A Deep Dive into Medusa Ransomware

The Medusa ransomware emerged in June 2021, and it became more active this year by launching the “Medusa Blog” featuring leaked data from victims who failed to pay the ransom. The malware stops a list of decrypted services and processes while running and deletes the Volume Shadow
Copies.

IT employee poses as a ransomware gang to extort his employer

A 28-year-old UK man from Fleetwood, Hertfordshire, has been found guilty of gaining unauthorized access to a computer with criminal intent and blackmailing his employer.

Arms maker Rheinmetall confirms BlackBasta ransomware attack

German auto and arms manufacturer Rheinmetall AG confirms that it suffered a BlackBasta ransomware attack that impacted its civilian business.

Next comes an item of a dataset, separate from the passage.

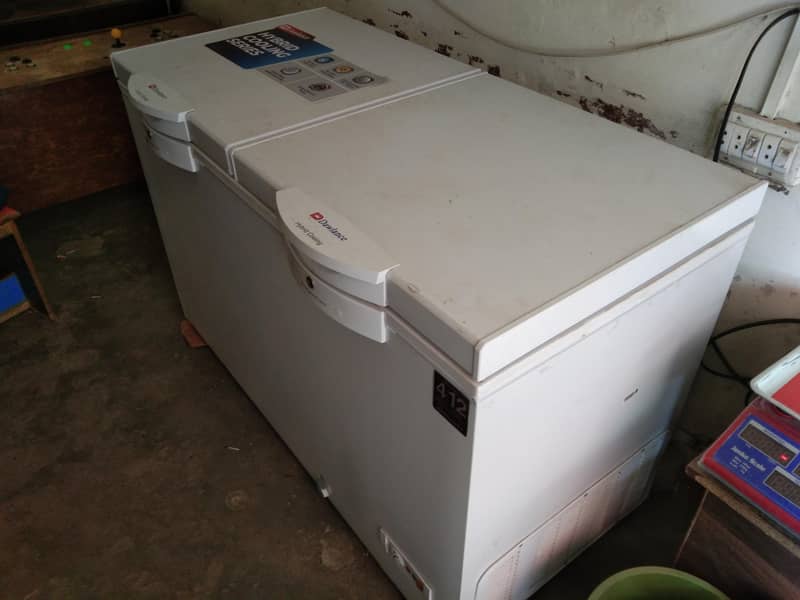 Dawlance deep freezer 0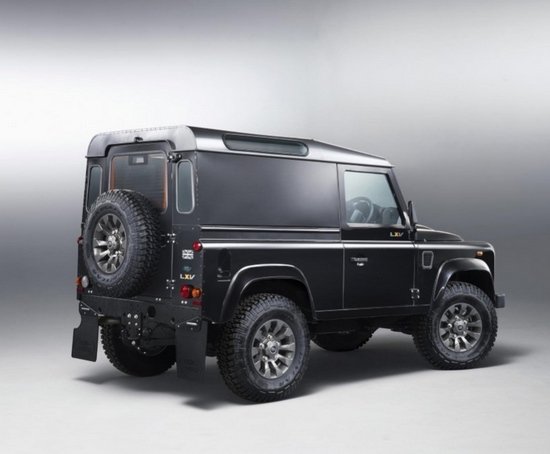 路虎衛(wèi)士LXV紀(jì)念版官圖 路虎衛(wèi)士LXV紀(jì)念版官圖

Cuba ransomware claims cyber attack on Philadelphia Inquirer

The Cuban ransomware gang claimed responsibility for this month’s cyberattack on The Philadelphia Inquirer, which temporarily halted distribution of the newspaper and disrupted some business operations.

May 24, 2023

Iranian hackers use new Moneybird ransomware to attack Israeli organizations

An alleged Iranian state-backed threat actor known as “Agrius” is currently deploying a new strain of ransomware named “Moneybird” against Israeli organizations.

May 25, 2023

New Buhti Ransomware Gang Uses Leaked Windows and Linux Encryptors

A new ransomware operation codenamed “Buhti” uses leaked code from the LockBit and Babuk ransomware families to target Windows and Linux systems respectively.

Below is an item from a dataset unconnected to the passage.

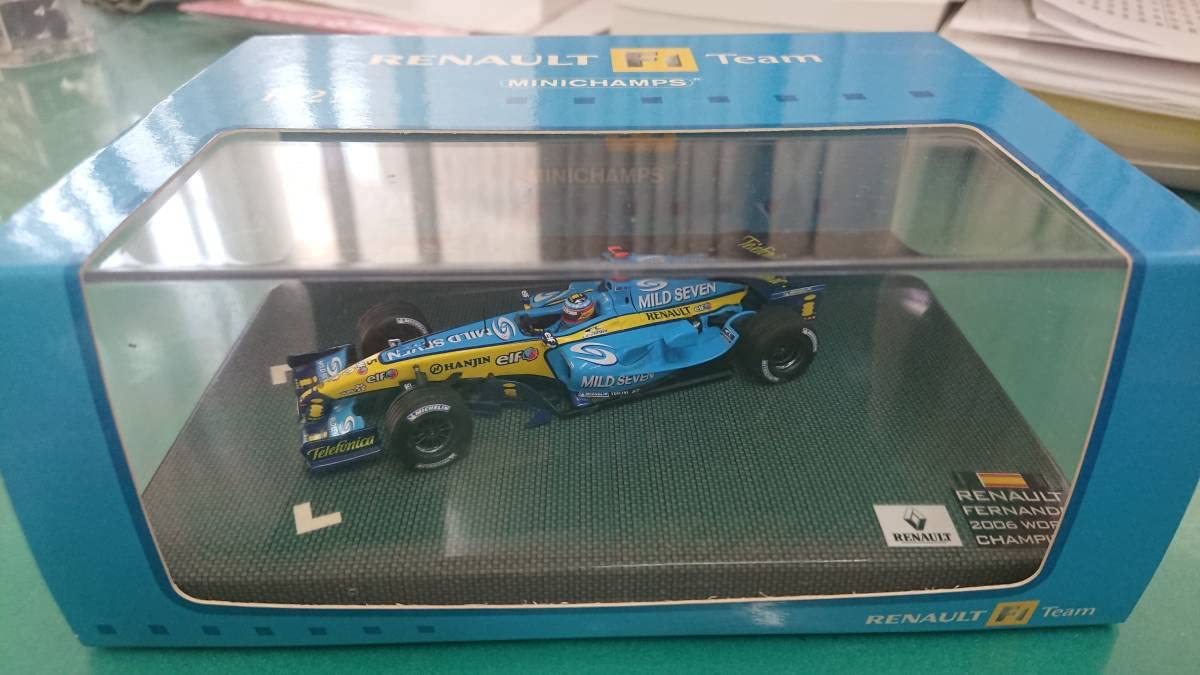 Amazon | MINICHAMPS 1/43 ルノー F1 チーム R25 フェルナンド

New variants of STOP Ransomware

PCrisk has found new STOP Ransomware variants that add the .vape, .vatqAnd .vaze expansions.

New FAST ransomware

PCrisk has found new ransomware that adds the .FAST extension and drops a ransom note named #FILEENCRYPTED.txt.

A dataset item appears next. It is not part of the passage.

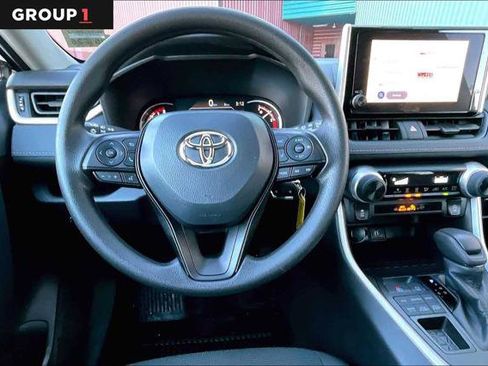 Certified 2025 Toyota RAV4 LE image 5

Really? $10,000 for THIS? An overview of version 2.0 of the Basterlord manual

Basterlord posted the highly sought after 2nd version of his manual on Twitter.

May 26, 2023

BlackByte ransomware claims responsibility for Augusta city cyberattack

The city of Augusta in Georgia, USA has confirmed that the latest computer system outage was caused by unauthorized access to its network.

US government contractor ABB confirms ransomware attack and data theft

Swiss multinational technology company and US government contractor ABB has confirmed that some of its systems have been hit by a ransomware attack, previously described by the company as “a computer security incident”.

New EXISC ransomware

PCrisk has found a new ransomware variant that adds the .EXISC extension and drops a ransom note named Please contact us to restore.txt.

Analysis of “THE MANUAL”

Yesterday, Basterlord (an infamous ransomware operator) released a copy of the “Networking Manual v2.0” (which I will call “the manual”). So of course I thought we should analyze this and see what he was selling for $10,000!

On-Demand Webinar: The Lord Has Fallen

Join Ransomware Diaries: Volume 2 – A Ransomware Hacker Origin Story author Jon DiMaggio for a dive into the ramifications that Bassterlord has faced since his story was published.

It’s all for this week ! I hope everyone is having a good weekend!